Syria crisis: How to defeat Isis in five steps without misleading the public
While the Prime Minister searches in vain for the 70,000 moderate Syrian troops on the ground he disingenuously promised were just waiting for UK air strikes to begin before they rose up against Isis, I thought we might better occupy our time by actually laying out how the terror state can be strategically defeated.
Ironically, the plan is already largely in place. But if the Obama administration – as has proven so often the case – is broadly correct in its strategic thinking, it is absolutely dire at communicating to the wider world what it is doing. So I will endeavour to fill the breach.
To defeat Isis, first its expansion must be contained in both Syria and Iraq. With the lustre of its invincibility quashed, Isis becomes just another global problem, rather than a popular jihadist cause.

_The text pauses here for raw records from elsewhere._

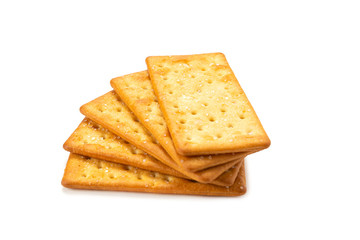 Cracker with salt isolated on white.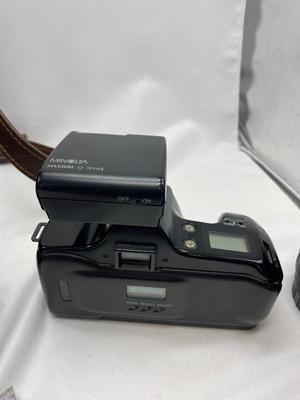 MINOLTA 35mm CAMERA WITH LENS ALSO SPARE BATTERIES FOR. IKON CAMERAS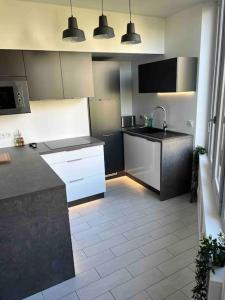 Appartements Le XV Au coeur de la ville : photos des chambres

Second, to accomplish this task, air strikes must be operationally employed to support regional and local anti-Isis forces on the ground that are broadly pro-western. This means supporting the Iraqi Kurds (who, with the aid of western strikes, have already re-taken all of the territory in northern Iraq Isis briefly snatched from them in the summer of last year), the Syrian Kurds, Sunni tribal leaders in Iraq’s Anbar province, the hapless Iraqi army, and even – if only tacitly – pro-Iranian militias emanating from Baghdad. Given that the unholy trinity of Assad, al-Qaeda, and Isis roam Syria, the West must be very careful that any bombing there does not unwittingly help other forces of evil.
Third, given these real world limitations – that at present there are almost no reliable Syrian forces on the ground we would wish to help – the focus of our efforts must be on Iraq, where such troops actually exist.
Fourth, in addition to providing military support in Iraq, it is even more important that the US and the West in general strongly push the well-meaning but hapless Iraqi government of Haider al-Abadi to immediately commence dramatic political reforms, leading to a confederal Iraq emerging where the three basic ethno-religious units – the Kurds in the north, the Sunnis in the west and centre, and the Shia in the south of the country – all have a great measure of local autonomy.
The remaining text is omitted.